Aynesworth was a beat reporter for aviation and space programs. He was answering phone calls in a quiet, nearly-empty newsroom before leaving the office to join the crowds awaiting the Kennedy motorcade. Standing “real close” to the Texas Schoolbook Depository where Lee Harvey Oswald lurked on the sixth floor, Aynesworth heard three gunshots before he started interviewing witnesses, one of whom had seen Oswald through the window and described him almost perfectly. Aynesworth was also present at Oswald’s arrest later that day.
Aynesworth recalls the atmosphere in Dallas following the Kennedy assassination. He also remembers the toxic city politics that had emerged and culminated in that fateful afternoon.
Shortly before the 1960 presidential election, for example, then-U.S. Senator Lyndon B. Johnson and his wife were accosted and spat on in front of a historic Dallas hotel, a scheme engineered by a Dallas Republican serving in Congress. Shortly after that incident, the U.S. Ambassador Adlai Stevenson was also spat on and assaulted on the head during a protest condemning the United Nations. Fears of communism and nuclear war permeated much of the political climate in Dallas and drove some of the city’s most wealthy citizens to kickstart their own anti-communist — and distinctly anti-Kennedy — campaigns.

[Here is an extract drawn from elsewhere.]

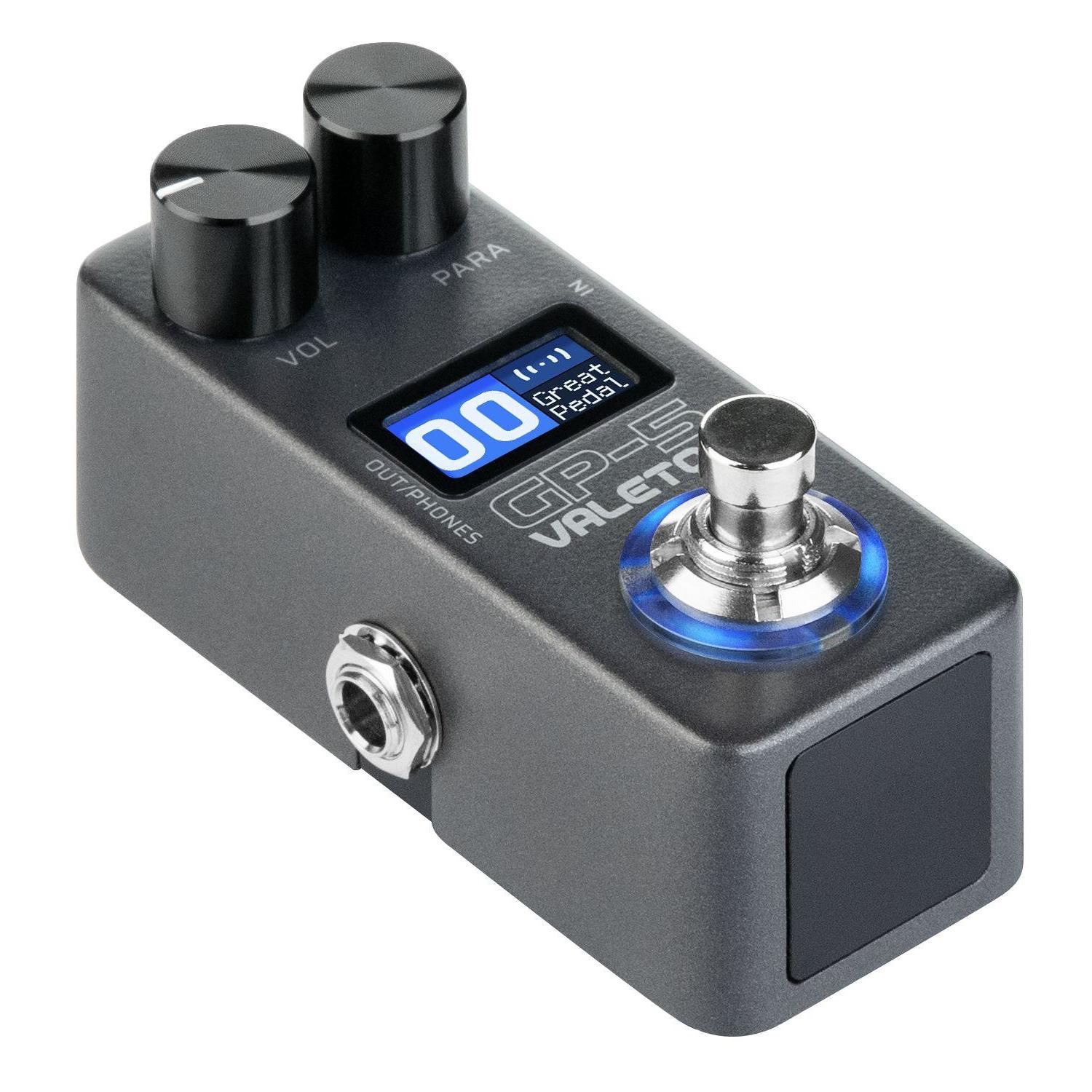 Valeton GP-5 Multi-FX Pedal, VFR-110 FRFR Guitar Cab & XSonic Airstep GP Controller Bundle - Valeton-GP-5-Angle.jpg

Editorials published by the Morning News fueled much of the city’s hostility and anti-Kennedy politics. Day after day, new opinion pieces attacked Kennedy’s Camelot and accused the president of harboring communist sympathies. The editorial mudslinging was “embarrassing for us reporters,” Aynesworth said. Dallas residents who did not necessarily share the harsh, propagated views felt increasingly alienated by the political discourse.
Many of these people, ashamed of the city’s notoriety, organized to tear down the Texas Schoolbook Depository to purge this physical reminder from the landscape of the city. Only then, they argued, could the city move forward. Slapdash efforts to preserve the Depository for its historical significance kept the building standing. Even so, as Stephen Fagin, Associate Curator for the Sixth Floor Museum, told The Politic, it was not until 1977 that the Dallas County administration “stepped up” and declared the building a historical site. The Depository was converted into a city administrative building until plans for The Sixth Floor Museum came to the fore.

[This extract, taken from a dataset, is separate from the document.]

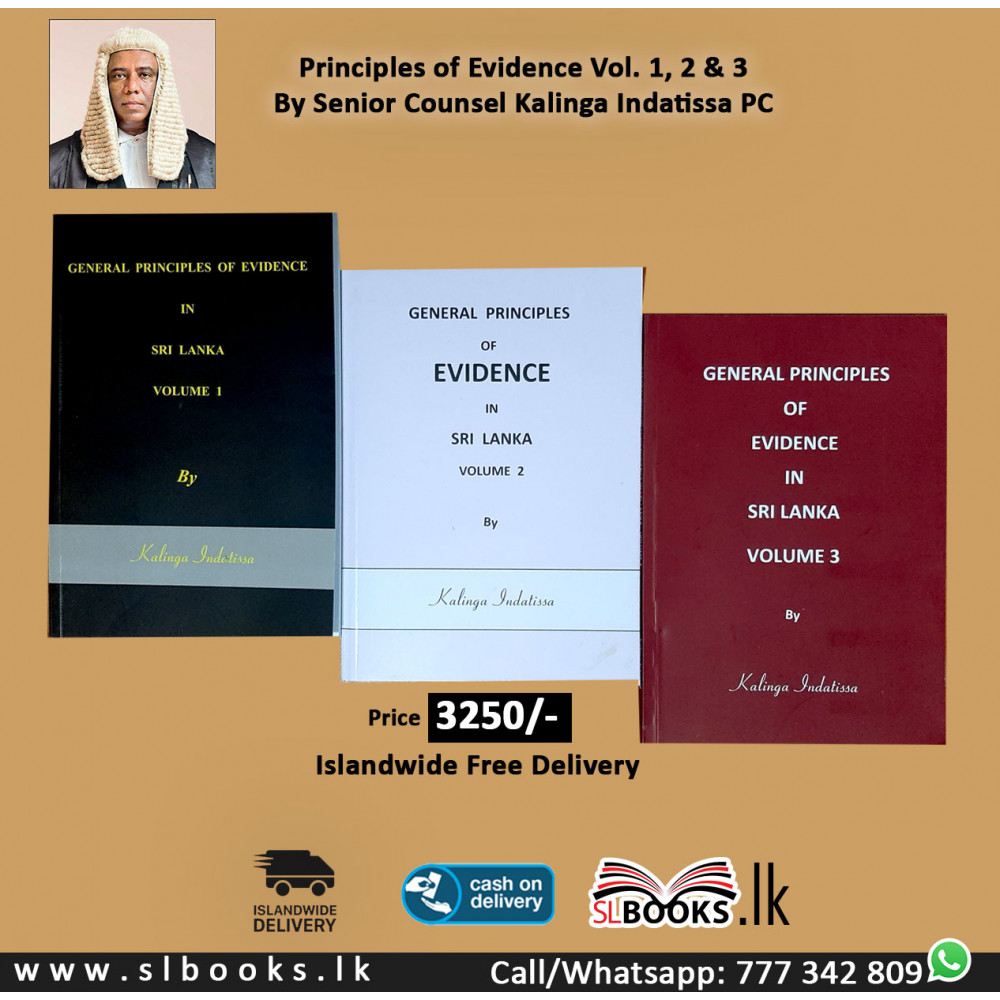 Principles of Evidence Vol. 1, 2 & 3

“There was a grassroots effort to acknowledge the assassination through an exhibition that would not embarrass Dallas,” Fagin said. “The assassination will always be a part of the city’s history. Essentially, Dallas has come to grips with this past.”
Dallas’ acceptance of her history is only half the story. The city also had to convince the country that she represented more than toxic politics. Only with time did the negative perceptions abate. The rising popularity and success of the Dallas Cowboys, as well as the hit TV show “Dallas” — which remains one of the longest lasting full-hour prime time dramas in television history — partly account for the gradual return to favor. Many newcomers also moved to Dallas in subsequent decades, helping to alter the city’s identity.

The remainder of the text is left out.